US Vice President Mike Pence (L) meets with Israeli Prime Minister Benjamin Netanyahu at the Prime Minister's Office in Jerusalem on January 22, 2018. The visit, initially scheduled for December before being postponed, is the final leg of a trip that has included talks in Egypt and Jordan as well as a stop at a US military facility near the Syrian border. Controversy back home over a budget dispute that has led to a US government shutdown has trailed Pence, and he sought to blame Democrats for the impasse during a speech to troops at the military facility a day earlier. / AFP PHOTO / POOL / Ariel Schalit (Photo credit should read ARIEL SCHALIT/AFP/Getty Images)

The U.S. will open its embassy in Jerusalem “before the end of next year,” Vice President Mike Pence said Monday in the Israeli parliament, where he reiterated the city was “the capital of the state of Israel.”

Vice President Mike Pence, left, meets with Israeli Prime Minister Benjamin Netanyahu at the prime minister’s office in Jerusalem on Jan. 22, 2018. (Credit: ARIEL SCHALIT/AFP/Getty Images)

Pence is the most senior U.S. official to visit Jerusalem since President Donald Trump’s announcement in December that his government recognized the city as Israel’s capital and would move its embassy there, upending seven decades of U.S. policy on the issue.

Both Israelis and Palestinians consider Jerusalem as their capital.

At the Knesset, Pence said it was thanks to Trump that “the alliance between our two countries has never been stronger, and the friendship between our peoples has never been deeper — and I am here to convey a simple message from the hearts of the American people. America stands with Israel.”

“We stand with Israel because your cause is our cause, your values are our values, and your fight is our fight.”

Pence was earlier given a warm welcome to the office of Prime Minister Benjamin Netanyahu, greeted by an honor guard as the U.S. national anthem played.

He said he was “hopeful that we are at the dawn of a new era, of renewed discussions to achieve a peaceful resolution to the decades-long conflict that has affected this region.”

He added that Trump’s Dec. 6 announcement “would create an opportunity to move on in good-faith negotiations between Israel and the Palestinian Authority.”

Welcoming his visitor, Netanyahu said: “Mr. Vice President, I have had the privilege over the years of standing here with hundreds of world leaders and welcome them, all of them, to Israel’s capital, Jerusalem. This is the first time that I am standing when both leaders can say those words: ‘Israel’s capital Jerusalem.”‘

When asked whether the U.S. embassy could be moved to Jerusalem by next year, Netanyahu grinned and quipped that it could be “by next week.”
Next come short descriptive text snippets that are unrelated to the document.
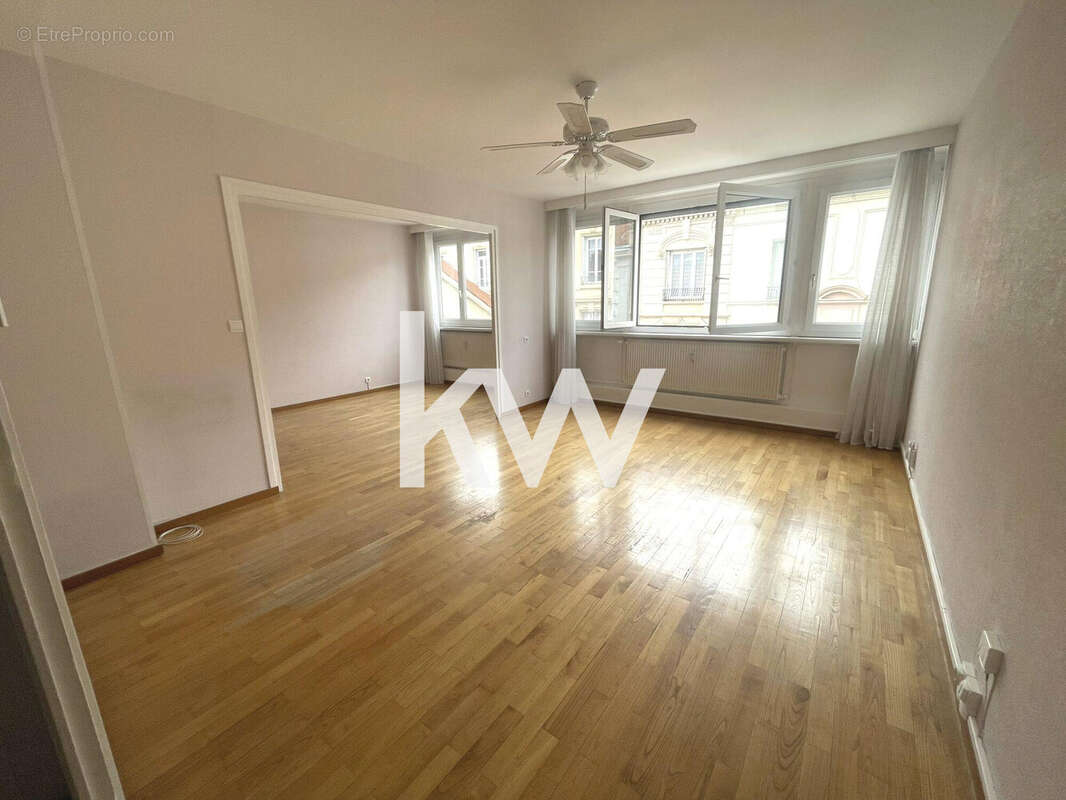 Appartement à SAINT-ETIENNE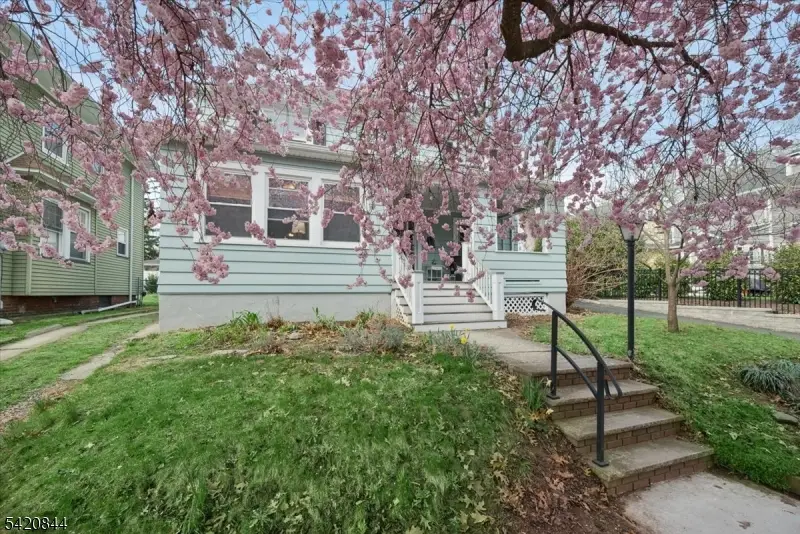 40 Lenox Ter, Watsessing, NJ 07003 - #1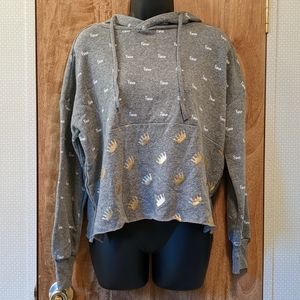 No Boundaries Gray "Fierce" Queen Crown Hoodie, Junior Size Medium
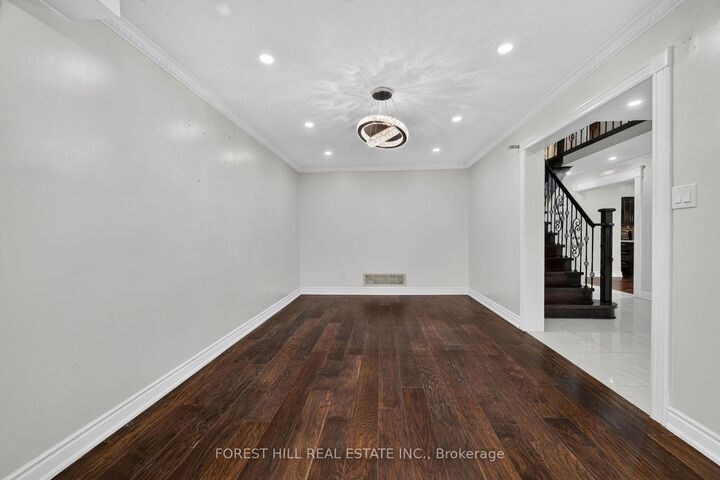 Property Photo: 55 Castlehill Road ON L6X 4C9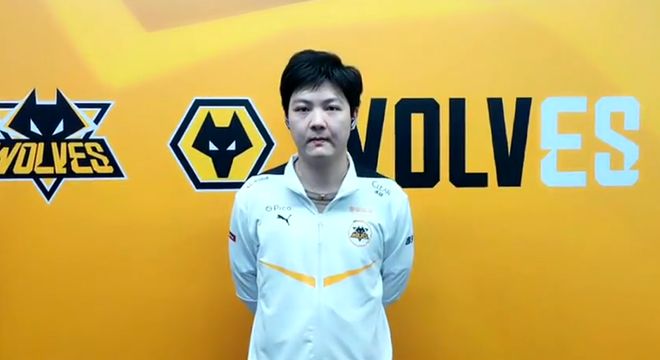 在不同窗口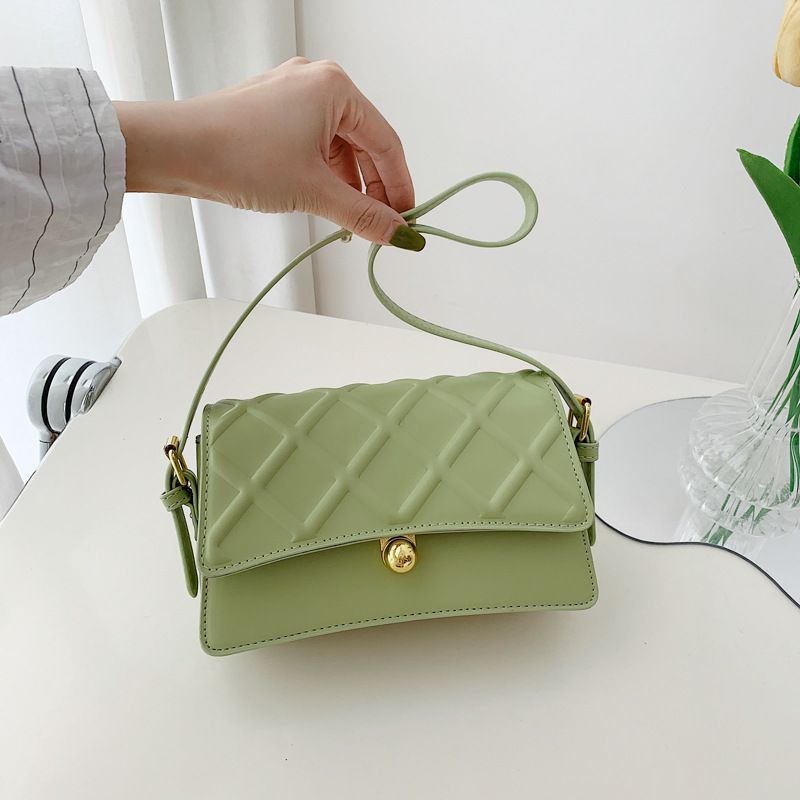 Women's Elegant Fashion Solid Color Lingge Soft Surface Square Magnetic Buckle Shoulder Bag Square Bag Pu Leather Shoulder Bags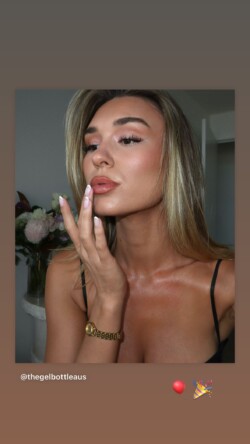 SHANI GRIMMOND - French mani  created by Penny Barns, Wearing BIAB 18 With Daisy for French white . Styled in French nail art representing Minimalistic. These Medium - Squoval shaped nails are crafted using the Builder system and are coloured Pink.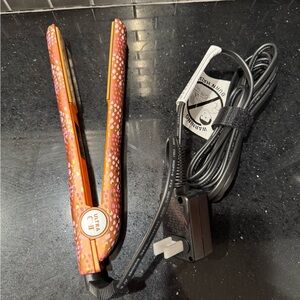 NIB Ultra CHI Ceramic Flat Iron - Orange and Pink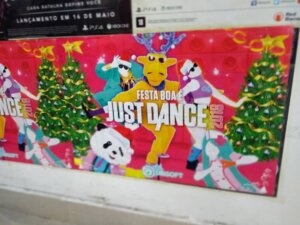 Propaganda Just Dance 2018 - Santa Ifigênia - 2018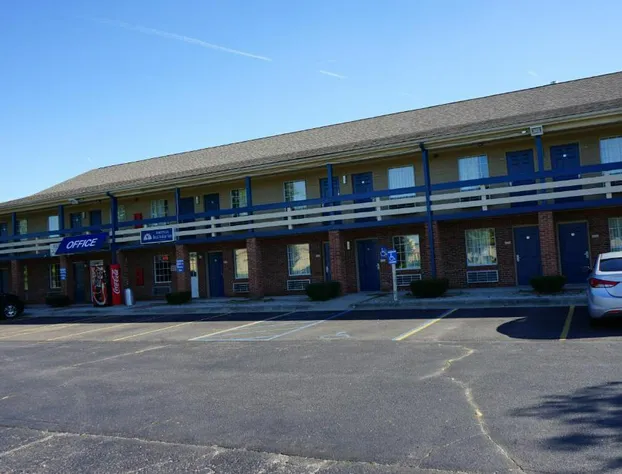 Americas Best Value Inn Maumee Toledo hotel detail image 1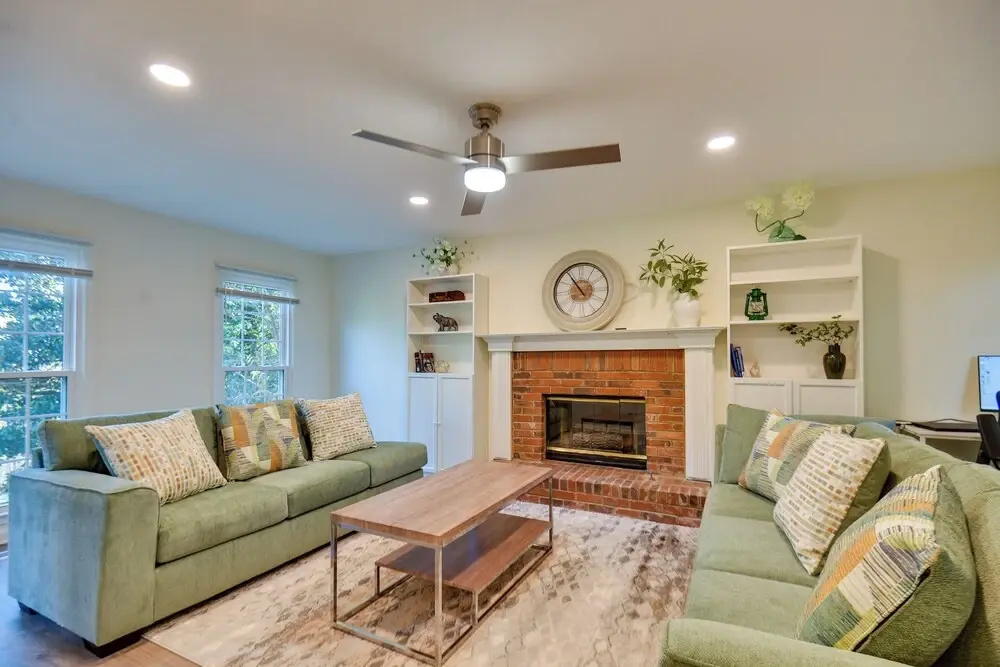 Fully Updated! Suburb Stay Near Sugarloaf Mills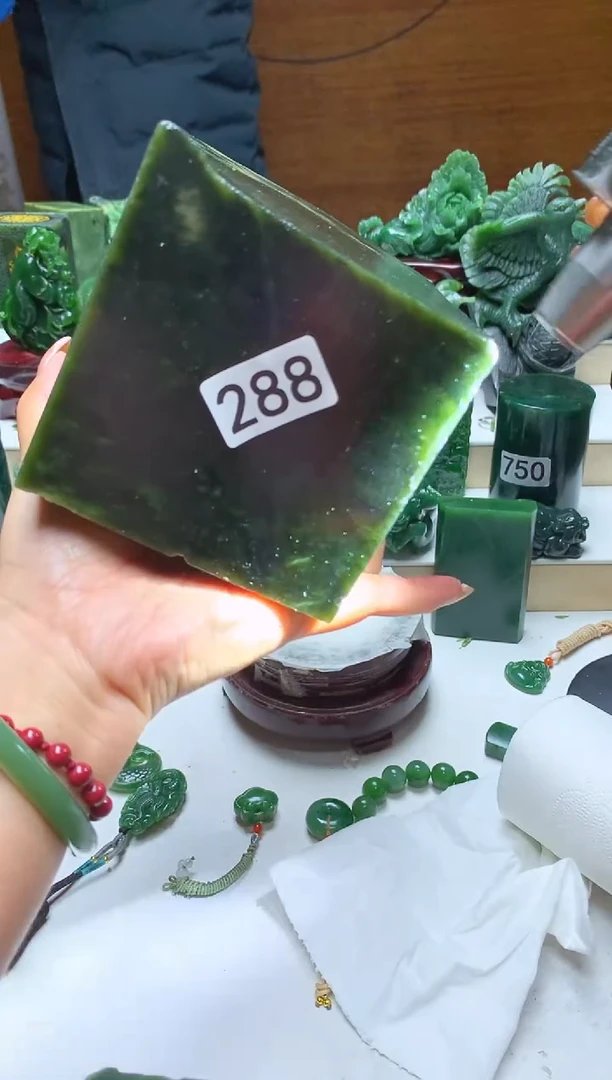 未镶嵌和田玉摆件1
When asked if he was serious, he responded: “No. But we want to do it.”

Arab-Israelis to boycott Pence speech
Pence is due to give remarks in the Israeli parliament, the Knesset, later Monday. A member of the Knesset, Ayman Odeh, said that he and other Arab-Israeli lawmakers would boycott the speech.

“In response to voices that are against our decision, we will not be silent about the speech made by a dangerous racist whose whole reason for being here is in order to damage any chance of peace,” he wrote Saturday on Twitter, announcing the boycott.

On Monday, he wrote, his position was unchanged, calling Pence “a dangerous man with a messianic vision” sent by “an even more dangerous man, a political pyromaniac, a racist and interferer.”

The United States Congress in 1995 passed a law requiring the U.S. to move its embassy from Tel Aviv to Jerusalem. But all U.S. presidents before Trump have resisted acting on the law, signing a waiver in the national interest.

At the time of his announcement last month, Trump denied he was reversing U.S. policy and reaffirmed the U.S.’ commitment to helping Israelis and Palestinians reach a peace agreement.

Palestinian Authority President Mahmoud Abbas has repeatedly condemned and rejected Trump’s decision, saying, among other things, that it would aid extremist organizations to wage holy wars.